Having displayed a pennant bullish break on Thursday, XAU/USD (gold price in terms of USD) witnessed an almost $ 30 rally on Friday and rose to the highest levels in thirteen months at 1279.84. The bullion booked heavy gains in the US last session, after the US labour market report failed to boost further Fed rate hike bets this year. Although NFP bettered expectations (242k actual vs. 195k exp.), average hourly earnings grew only 2.2% y/y in Feb, missing expectations for unchanged performance over the month at 2.5% and booked the first drop since December 2014. Gold tends to benefit in a low-interest rate environment as it is a non-interest bearing investment asset. More so, the upsurge in gold was largely on the back of technical-driven buying following the pennant formation on daily charts.

Gold prices kicked-off the week on a bearish note, embarking upon a corrective mode after the recent upsurge. Further, the US dollar also attempted a recovery from post-NFP lows and now advances 0.35% against its six major peers, which also keeps a lid on the prices. However, the prices are expected to regain poise and resume its bullish run towards 1280 levels, underpinned by risk-off moods seen in Europe amid falling stocks and oil prices. Meanwhile, amid a lack of significant macro data from the US in the day ahead, attention will be paid to the speeches by Fed’s officials Brainard and Fischer later in the NY session.

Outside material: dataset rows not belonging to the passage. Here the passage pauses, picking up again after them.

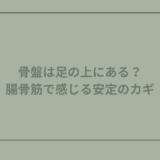 骨盤は足の上にある？腸骨筋で感じる安定のカギ
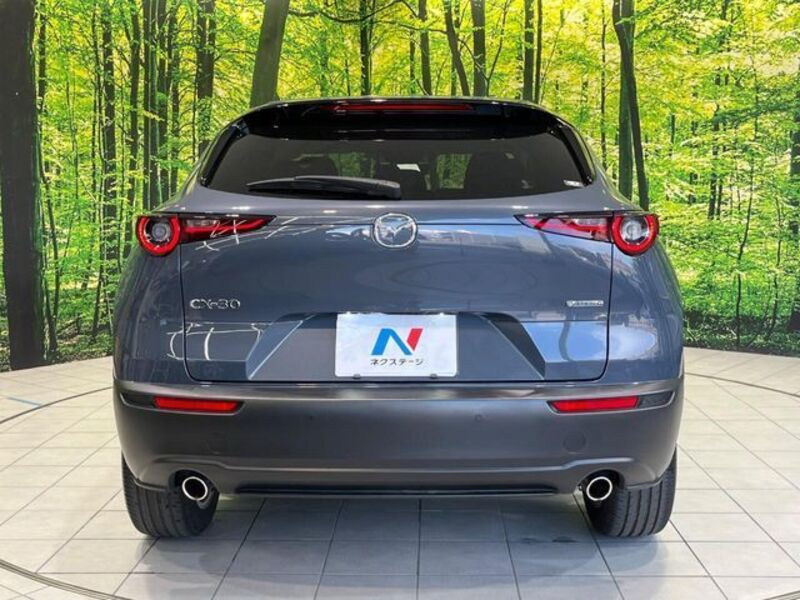 CX-30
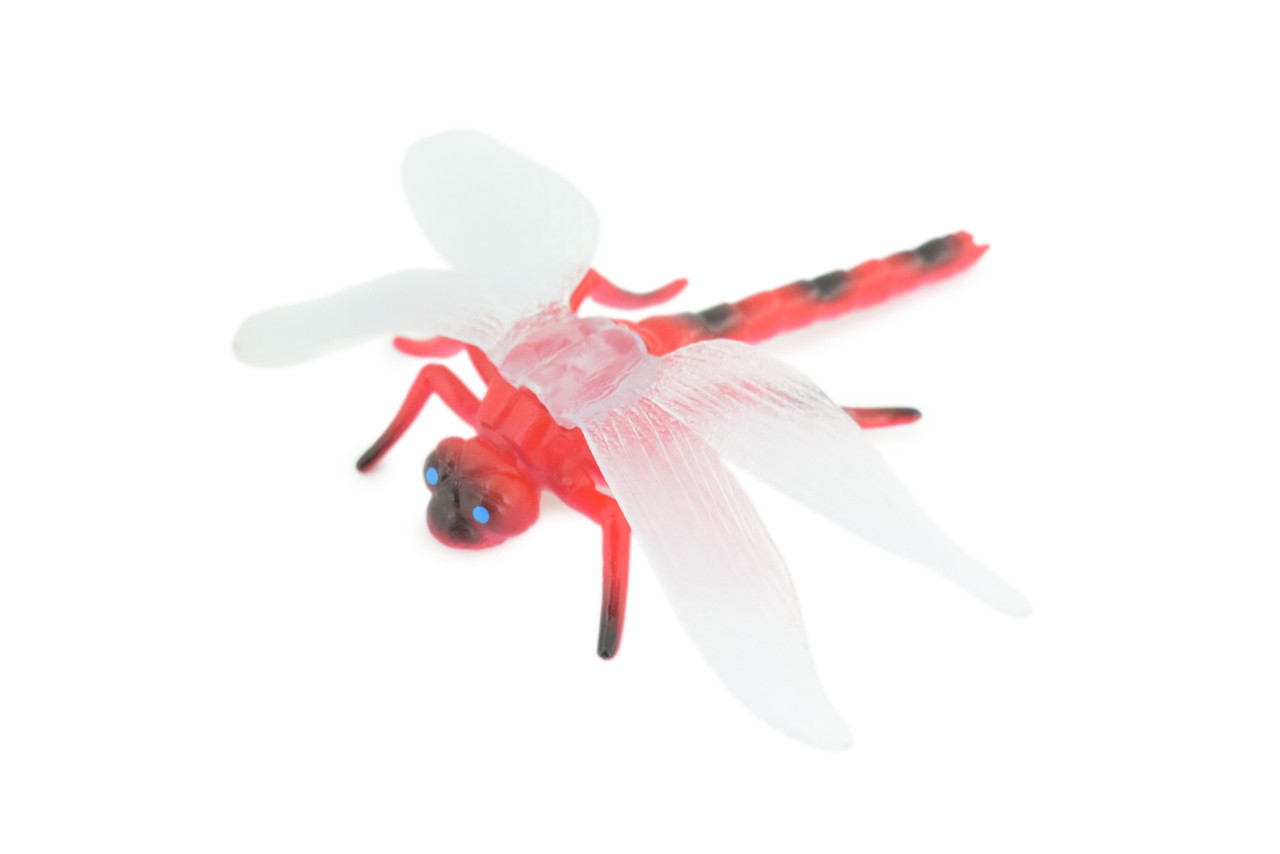 Dragon Fly, Red-veined Darter Dragonfly, Rubber Insect, Educational, Toy, Kids, Realistic Figure, Lifelike Model, Figurine, Replica, Gift,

Technicals – Could swing back higher to $ 1280

Gold prices are expected to extend higher as represented by the daily charts, with the pennant breakout on daily sticks behind the latest surge. The prices managed to sustain above 1260 barrier and now extends higher in sync with the sharply higher most major DMAs. While the daily RSI at 70, continues to point higher and thus, suggest more room for upside. A break above 1270 level remains a key for a retest of previous highs of 1280 and beyond. On the flip side, a breach of today’s low at 1256.71, opens doors for further southwards move towards crucial support near 1251-1250, the confluence zone of 5-DMA and Friday’s low. Overall, the risk remains to the upside as the bullion remains supported on the back of technical buying.